### Directions
An exact restatement of the data below, with the pictures removed, is the required answer.

### Data shown

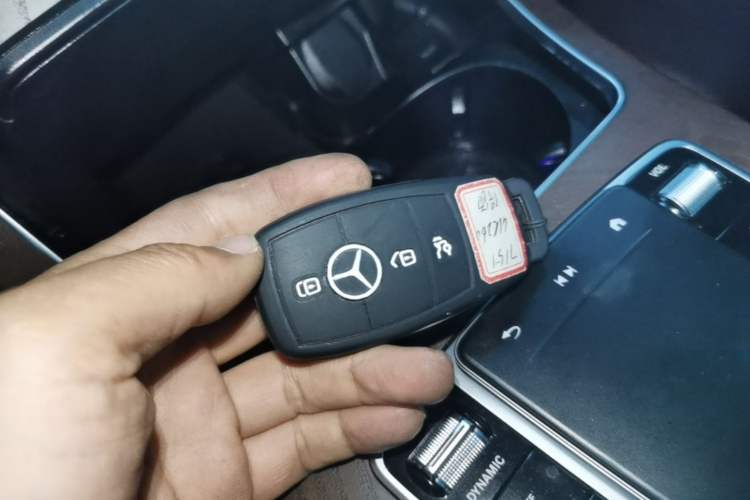 Used Mercedes-Benz GLC 2020 Facelift GLC 260 L 4MATIC Luxury Edition Vehicle Key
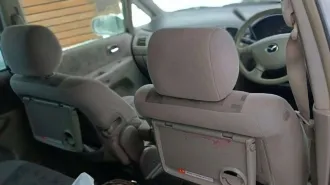Mazda Premacy 2001, марка: Мазда, модель: ПРЕМАСИ, год изготовления: 2001 (Каминский) Легковой автомобиль, марка: Мазда, модель: ПРЕМАСИ, год изготовления: 2001, VIN: отсутствует, ПТС: 25 ТН 642137, вид собственности: индивидуальная. Особенности тех. состояния: коррозия на порогах и арках…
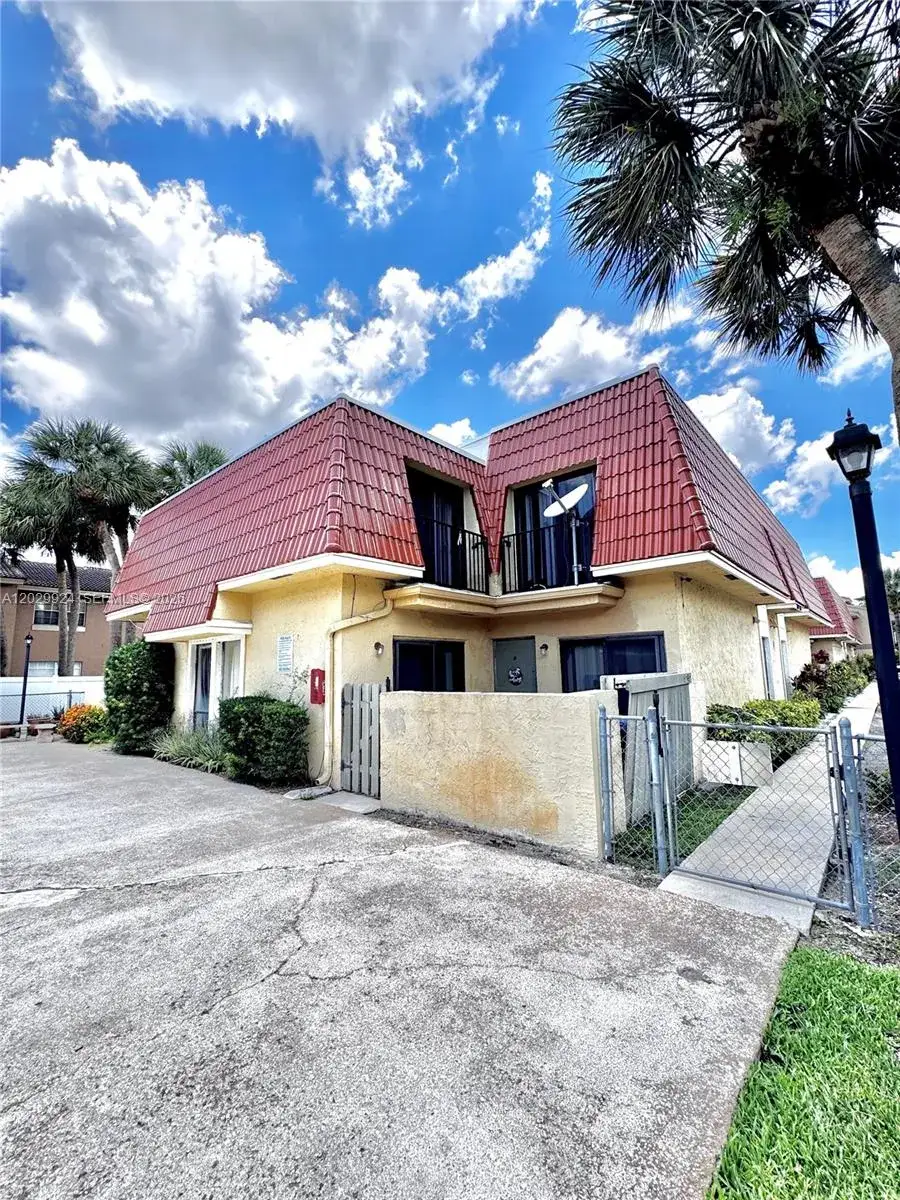 3 bedroom 2 bath Residential for sale at 4240 NW 114th Ter # 40, Coral Springs FL 33065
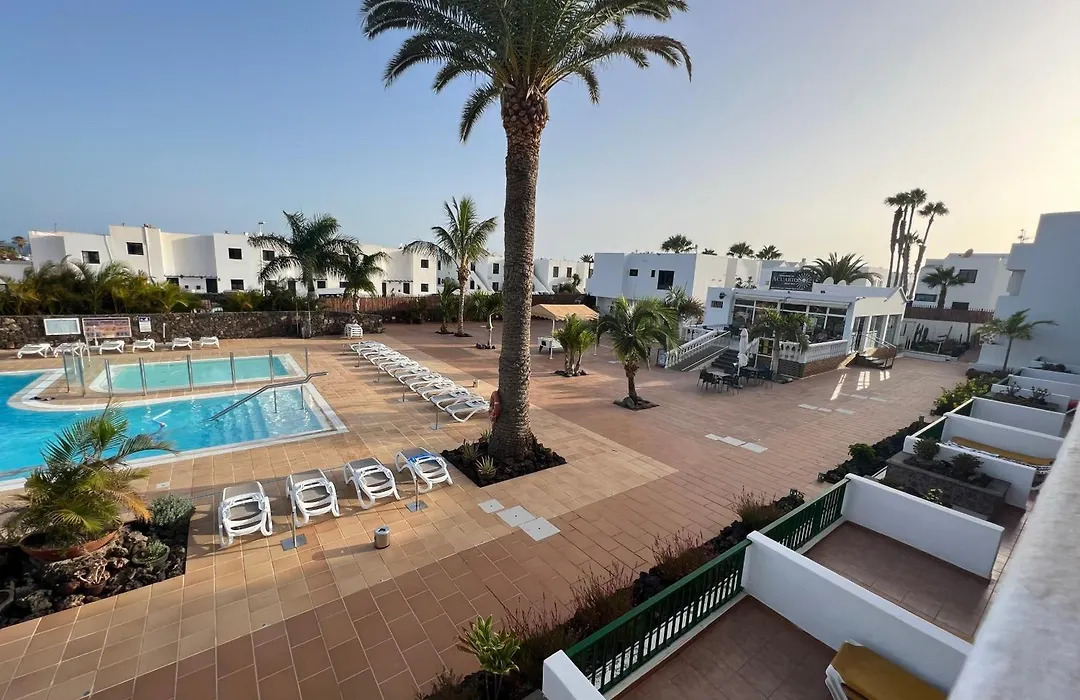 Apartamentos Acuario Sol-1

### Exercise answer
 Used Mercedes-Benz GLC 2020 Facelift GLC 260 L 4MATIC Luxury Edition Vehicle Key
Mazda Premacy 2001, марка: Мазда, модель: ПРЕМАСИ, год изготовления: 2001 (Каминский) Легковой автомобиль, марка: Мазда, модель: ПРЕМАСИ, год изготовления: 2001, VIN: отсутствует, ПТС: 25 ТН 642137, вид собственности: индивидуальная. Особенности тех. состояния: коррозия на порогах и арках…
 3 bedroom 2 bath Residential for sale at 4240 NW 114th Ter # 40, Coral Springs FL 33065
 Apartamentos Acuario Sol-1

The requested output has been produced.